As a judge on Ukraine's supreme court, the full onset of hostilities with Russia also forced him to exchange the sword of justice for an assault rifle.
Judges, he will readily admit to you, don't usually go to war. But he described the choice facing him and his country as an "existential" one.
"It's the choice that I had to take," Mishchenko told CBC News in an interview Monday, on the margins of an international justice conference in Ottawa. "It's an honour and privilege to protect my country by any means I can."
Initially he was a reservist volunteer with the army's territorial battalions, but then became a full-time member of the regular force. Mishchenko, a married father of three, serves as an infantry officer; a lieutenant, with a combat platoon.
Where once he weighed both sides of an argument, Mishchenko, 40, said he now has a finer appreciation for the notion of justice given the sacrifices he'd witnessed — both among soldiers and civilians.
"The rule of law is not just words for us. It has some meaning," Mishchenko said. "So, we put something into these words."
'They're totally destroyed'
His unit saw action outside of Kyiv, as Russian forces were pushed back last spring, and in the country's northeast where Ukrainian forces liberated vast swaths of territory this summer, including the city of Izium, where there was heavy fighting.
"A lot of villages, small towns, they exist [only] on the map now," he said. "They're totally destroyed. So … it's just an empty land, with holes from from the bombs, and everything is destroyed and you can see them only on the map."
As he meets people amid the ruins of formerly occupied territory, he said he tries to assure them that they will rebuild, recognizing that the loved ones they have lost can never be replaced.
Mishchenko is among four supreme court justices and 15 high court staff who've volunteered for frontline duty. At the lower court level, there have been 60 judges and 311 staff who have enlisted.
The country's chief justice, Vsevolod Kniaziev, spoke about the Ukrainian judges in the occupied territories who have faced persecution, arrest and threats if they do not join the ranks of Russian judges. At least three judges — all of them women — have been killed since last winter — two in a missile attack in Odesa last July, the other was shot by Russian troops as she tried to flee the city of Chernihiv in March.
There was, Kniaziev said, a brief glimmer of hope two weeks ago when a judge from the occupied city of Mariupol, who was kidnapped from the roadside last March by Russian-backed paramilitary forces, was set free in a prisoner exchange.
Yulia Matveyeva — a district court judge — was targeted because of her position, he added.
"I am so proud of my colleague, and thankful to her for her courage, endurance and faithfulness to [her] judge's oath, [which] she demonstrated," Kniaziev said.
Courts continue to function
Kniaziev told Canada's National Judicial Institute (NJI) conference that the wheels of justice continue to turn in Ukraine, despite heavy fighting in the south and east of the country and in defiance of daily missile rocket attacks, saying more than three million court decisions have been rendered since the onset of major hostilities last February.

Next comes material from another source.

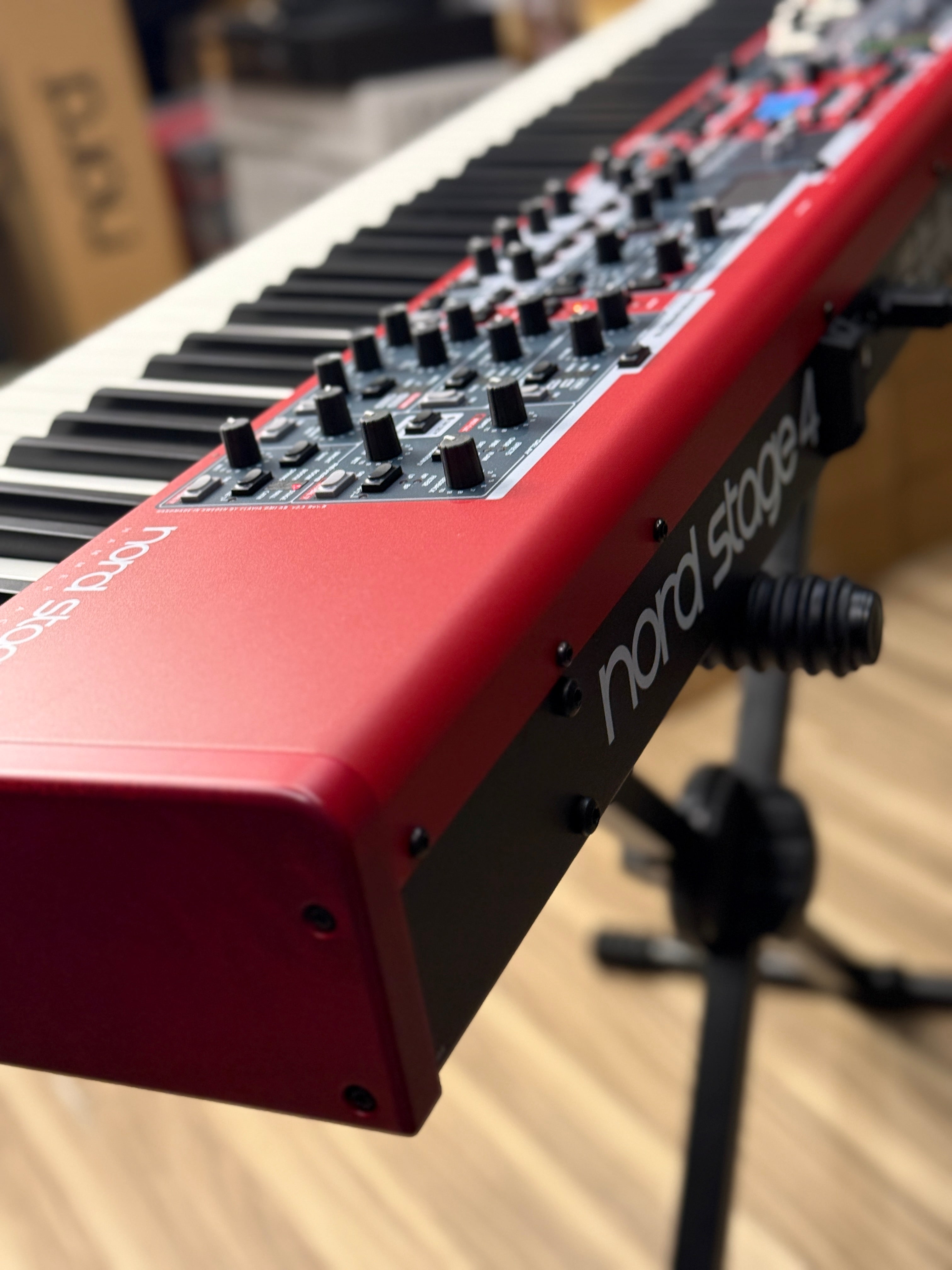 Nord Synthesizer Keyboard Stage 4 88 Stage – nafiriguitar.com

Eighty-five courthouses (11 per cent of the country's total) have been damaged or destroyed in the fighting and 95 appeal courts and local courts are unable to administer justice because of the conditions.

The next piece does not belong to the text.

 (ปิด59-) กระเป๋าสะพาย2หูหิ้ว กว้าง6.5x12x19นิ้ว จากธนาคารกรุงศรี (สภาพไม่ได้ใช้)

"Some of them — 75 [of the] premises or judicial institutions suffered damage — broken windows, damaged facades — or buildings, damaged courtrooms," Kniaziev said, adding that some buildings have "no drainage, no electricity, etcetera."
And then the buildings in the recently liberated area have shown signs of being "looted by Russian troops — stolen computers, servers, video conferencing systems, furniture."
Watch: Ukraine Supreme Court justice is on the front line fighting against Russia:
Ukraine has compensated for the chaos — somewhat — by redrawing the jurisdictional boundaries. It also has to contend with courts and judges trapped on the other side of Russian lines, said Kniaziev.
Speaking before the conference, alongside Canada's chief justice Richard Wager, Kniaziev delivered a political message, asking Canada to ensure that the money from seized Russian assets is used to help rebuild his country.
"Ukraine is fighting for democracy, and [has become] an outpost of democratic values, an outpost for protecting the rule of law in Europe and also for Western civilization. Ukraine is fighting for its Euro Atlantic choice and we are paying a high price," Kniaziev said.
"What I would like to ask from Canada and from Canadians is to … adopt a mechanism … like arresting Russian Federation assets and property and make it possible to recover losses in Ukraine, using the assets and the property, which is outside Russia, because we know Russia will not pay anything to restore and to rebuild in Ukraine."
Canada has frozen approximately $122 million in Russian assets. Despite giving itself the power to "seize and sell off assets" owned by individuals and entities on Canada's sanctions list, the federal government has yet to do so.